If you are thinking of filing either Chapter 13 bankruptcy or Chapter 7 bankruptcy, I recommend that you meet with at least 3 bankruptcy attorneys in your local area. When you meet with the bankruptcy attorney, make sure that you ask specific questions. The answers that you are given to your questions are going to be your litmus test to determine whether or not that attorney is the right attorney to handle your case. You can also learn a lot about the attorney by how his office is managed. For example, when you appear at his office, are you the only one there, or does he have a full staff working Illinois bankruptcy cases? When you meet with the attorney, is he well presented? Does he speak intelligently? Does he make you feel comfortable? Does he answer your questions fully? These are the type of things that you want to look for when you hire a bankruptcy attorney.
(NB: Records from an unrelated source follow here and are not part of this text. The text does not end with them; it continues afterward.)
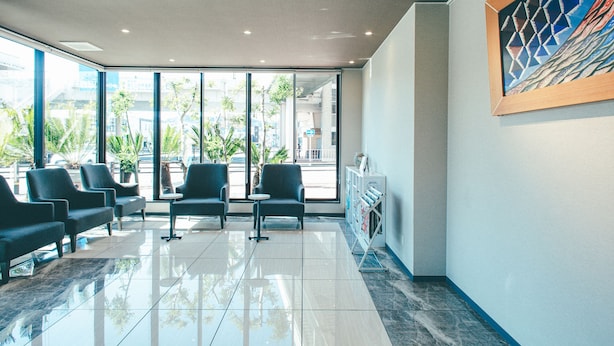 A modern lobby with a glass wall, seating area, and a painting. - Kuretake-inn Premium Fujinomiya (Fujinomiya)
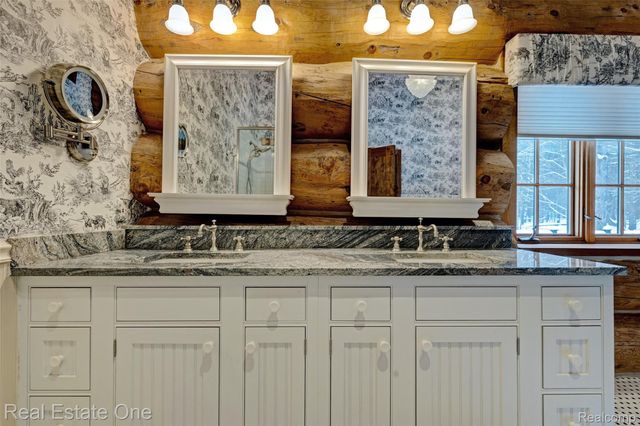 4340 Lahring Road, Holly Township, MI 48442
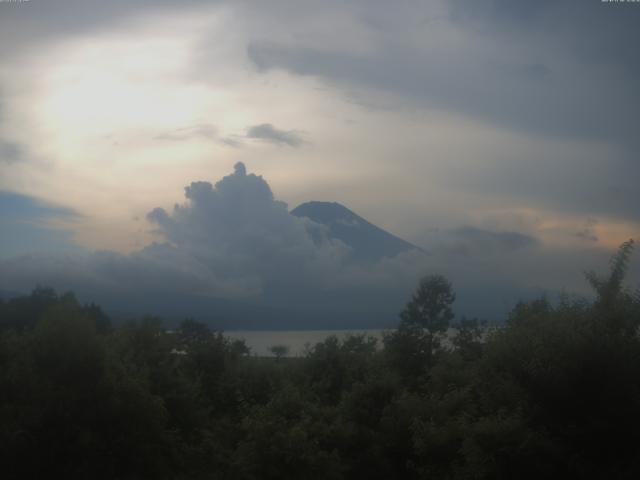 山中湖からの富士山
You want to make sure that that bankruptcy attorney has experience. You want to make sure that that bankruptcy can provide referrals. You want to make sure that that bankruptcy attorney can explain to you in detail the difference between Chapter 7 bankruptcy and Chapter 13 bankruptcy. You want the attorney to explain to you why you qualify for one chapter or the other and whether or not your case is going to be complex or simple. You also want to know if there’s going to be any debts that are presumed to be non-dischargeable, such as student loans, recent taxes, parking tickets, child support, alimony, or debts incurred by driving while intoxicated. You want to leave the office feeling good about the bankruptcy process. You want to leave the office feeling that all of your questions were answered.